• Requirement:
Give a faithful, exact copy of all entries, minus the images.

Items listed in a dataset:
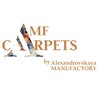 Логотип телеграм канала @amf_carpet — Ковры _AMF Carpets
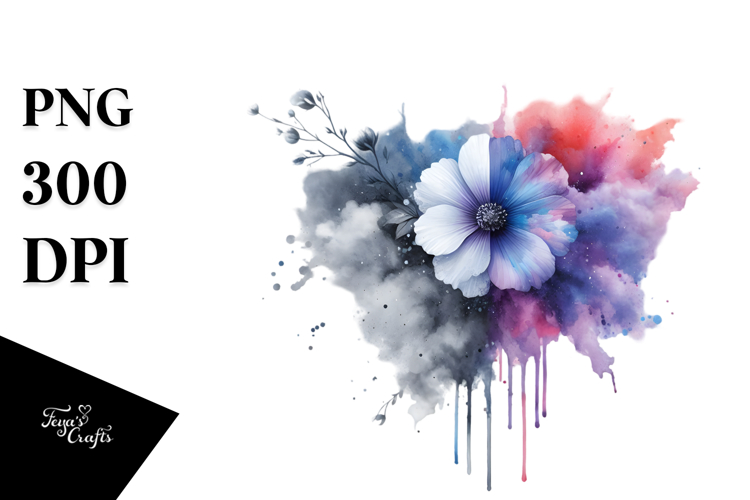 Transparent Flower Png Image 11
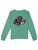 Properly Tied *GOOD CATCH* LS Tee--Ivy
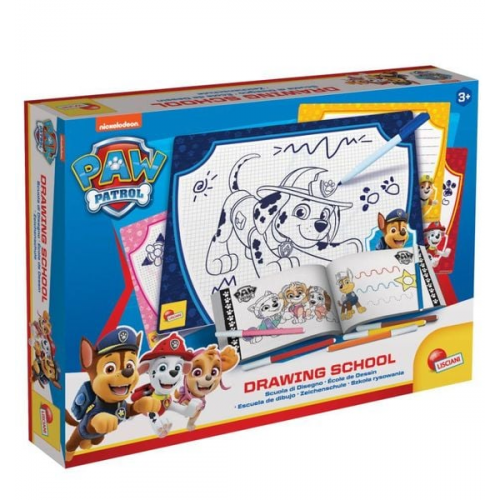 Paw Patrol Drawing School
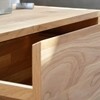 Jan Kurtz - Dweller - Massief houten sideboard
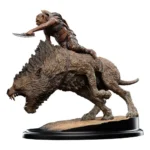 Lord of the Rings Mini Statue – Sharkû on Warg 18 cm 11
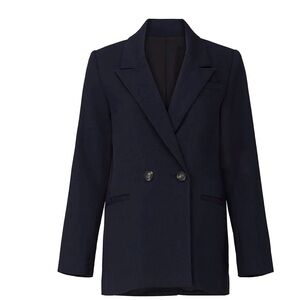 HATCH The Maternity Jane Blazer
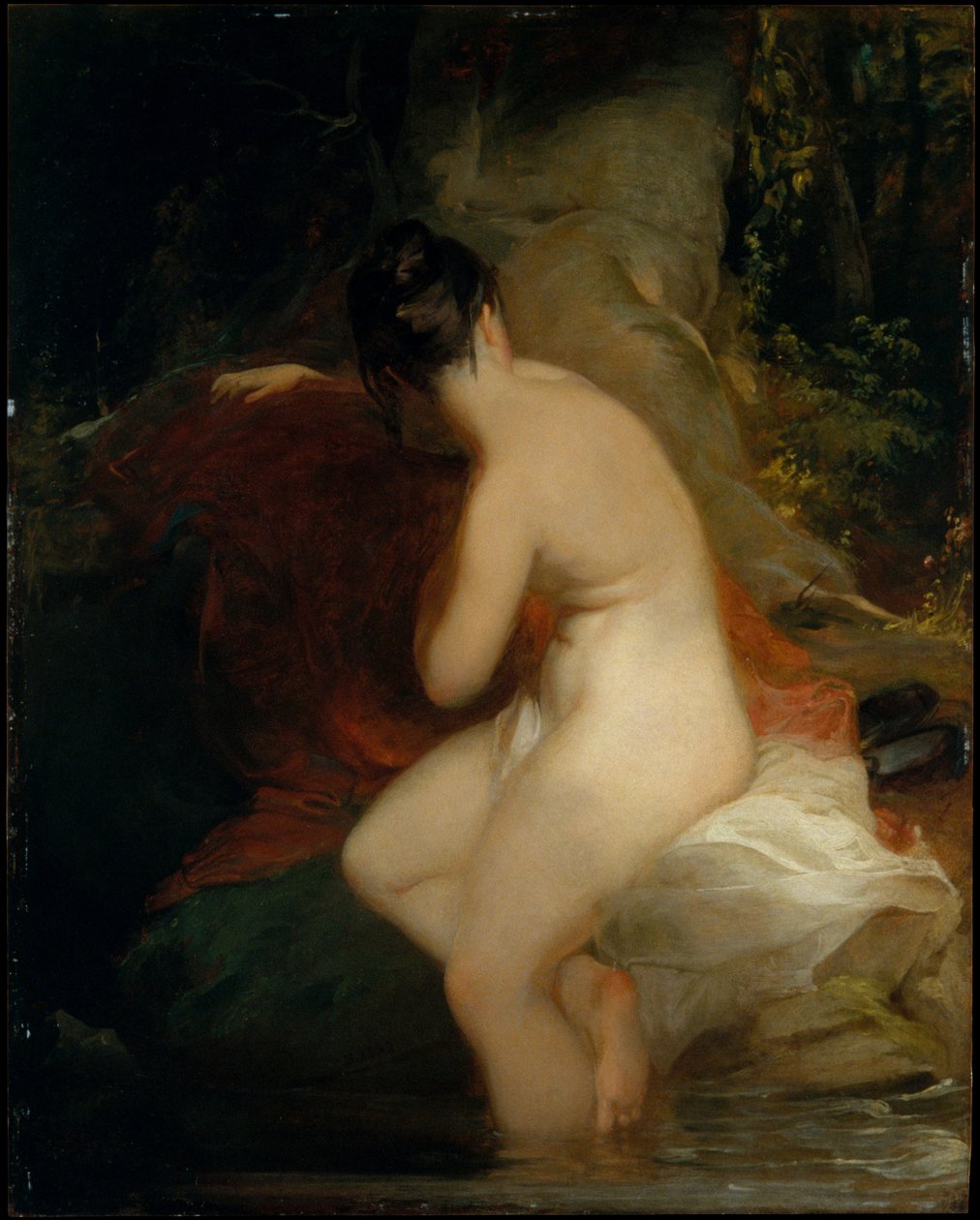 Musidora da Thomas Sully
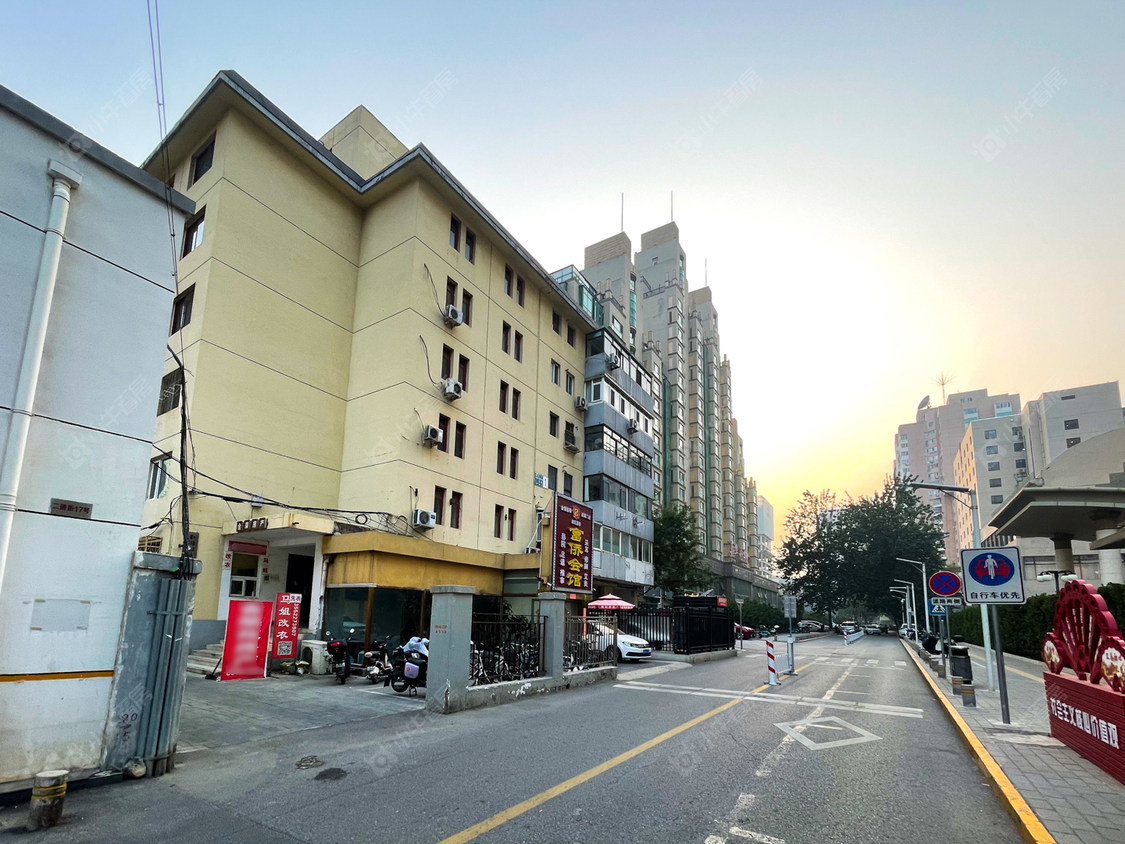 北京建外三道街小区_小牛看房
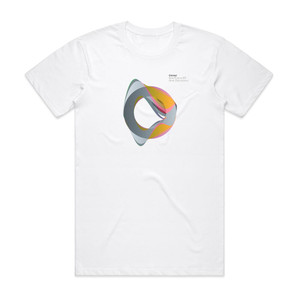Orbital New France Album Cover T-Shirt White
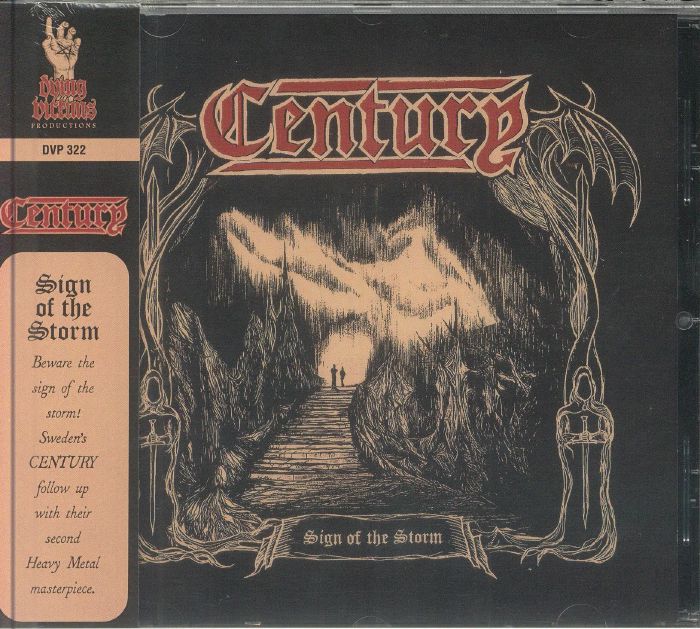 Sign Of The Storm - CD CD cover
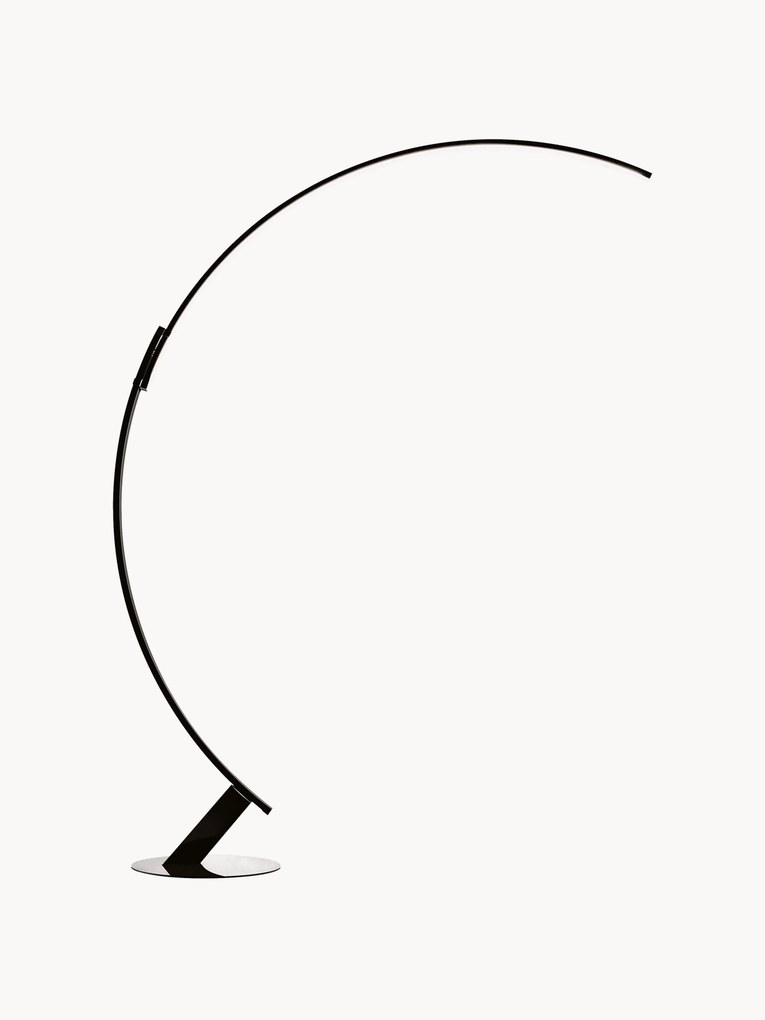 Stmievateľná podlahová LED lampa Kyudo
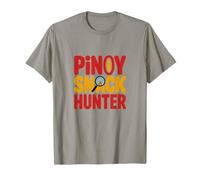 Pinoy Snack Hunter Philippin Expat d'épicerie T-Shirt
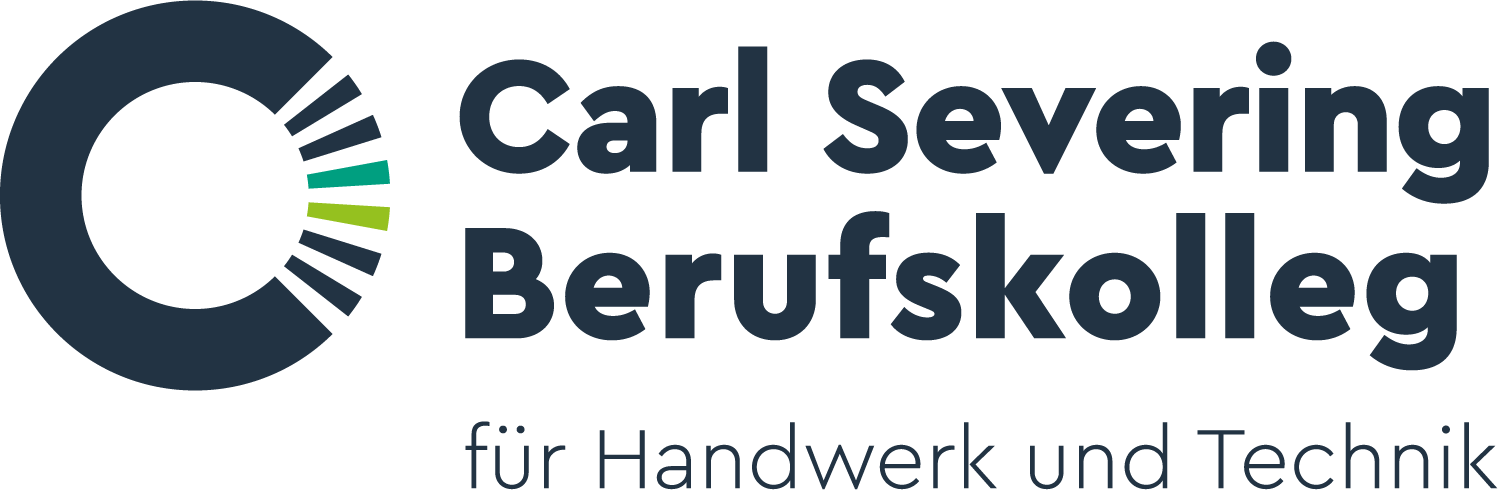 Logo Carl-Severing-Berufskolleg für Handwerk und Technik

• Solution below:
 Логотип телеграм канала @amf_carpet — Ковры _AMF Carpets
 Transparent Flower Png Image 11
 Properly Tied *GOOD CATCH* LS Tee--Ivy
 Paw Patrol Drawing School
 Jan Kurtz - Dweller - Massief houten sideboard
 Lord of the Rings Mini Statue – Sharkû on Warg 18 cm 11
 HATCH The Maternity Jane Blazer
 Musidora da Thomas Sully
 北京建外三道街小区_小牛看房
Orbital New France Album Cover T-Shirt White
 Sign Of The Storm - CD CD cover
 Stmievateľná podlahová LED lampa Kyudo
 Pinoy Snack Hunter Philippin Expat d'épicerie T-Shirt
 Logo Carl-Severing-Berufskolleg für Handwerk und Technik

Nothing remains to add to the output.